Imparsial desak otoritas evaluasi peran militer di Papua

Proses hukum terhadap enam anggota TNI terduga pelaku pembunuhan dan mutilasi harus dijalankan secara objektif.

Logo Imparsial. Foto istimewa

Lembaga Imparsial mendesak pemerintah dan DPR, sebagai pihak otoritas untuk mengevaluasi kebijakan pelibatan peran militer di Papua. Hal ini terkait dengan kasus pembunuhan dan mutilasi terhadap empat orang Papua di Kampung Pigapu, Distrik Mimika Timur, Kabupaten Mimika, yang diduga melibatkan enam anggota TNI.

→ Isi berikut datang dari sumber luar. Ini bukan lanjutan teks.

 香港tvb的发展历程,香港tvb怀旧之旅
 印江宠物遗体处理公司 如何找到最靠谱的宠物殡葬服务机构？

Pada kasus ini, enam anggota TNI telah ditetapkan sebagai tersangka oleh Puspom TNI AD. Keenam tersangka terdiri dari atas satu orang berpangkat mayor, satu orang berpangkat kapten, satu orang praka, dan tiga orang berpangkat pratu yang berasal dari kesatuan Brigif 20/IJK/3 Kostrad.

Direktur Imparsial Gufron Mabruri menilai, proses hukum terhadap enam anggota TNI terduga pelaku pembunuhan dan mutilasi harus dijalankan secara objektif, transparan, dan akuntabel.

"Idealnya, para terduga pelaku tersebut seharusnya diadili di peradilan umum mengingat perbuatan yang dilakukannya merupakan tindak pidana, namun hingga kini sistem peradilan militer belum direformasi," kata Gufron dalam keterangan tertulis, Senin (5/9).

Menurut Gufron, proses peradilan yang objektif, transparan dan akuntabel terhadap para pelaku penting untuk dilakukan, sehingga tidak terjadi praktik impunitas sebagaimana kecenderungan yang sering terjadi dalam kasus kekerasan di Papua yang melibatkan aparat keamanan.